** Opening Task input block **

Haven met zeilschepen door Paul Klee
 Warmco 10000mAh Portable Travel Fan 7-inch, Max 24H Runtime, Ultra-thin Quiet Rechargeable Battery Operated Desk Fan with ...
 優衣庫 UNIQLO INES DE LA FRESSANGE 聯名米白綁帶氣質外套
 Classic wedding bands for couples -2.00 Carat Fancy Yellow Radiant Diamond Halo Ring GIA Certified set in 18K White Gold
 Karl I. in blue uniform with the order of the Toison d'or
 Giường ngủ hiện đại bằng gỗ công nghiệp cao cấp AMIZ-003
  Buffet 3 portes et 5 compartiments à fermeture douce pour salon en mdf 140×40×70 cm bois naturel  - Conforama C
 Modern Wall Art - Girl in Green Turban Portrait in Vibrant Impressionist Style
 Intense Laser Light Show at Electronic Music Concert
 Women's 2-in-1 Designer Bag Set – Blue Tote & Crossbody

** Closing Task input block **

What to produce -
Filter the data for the string "with". Copy each matching line.

Response to the task -
 Warmco 10000mAh Portable Travel Fan 7-inch, Max 24H Runtime, Ultra-thin Quiet Rechargeable Battery Operated Desk Fan with ...
 Karl I. in blue uniform with the order of the Toison d'or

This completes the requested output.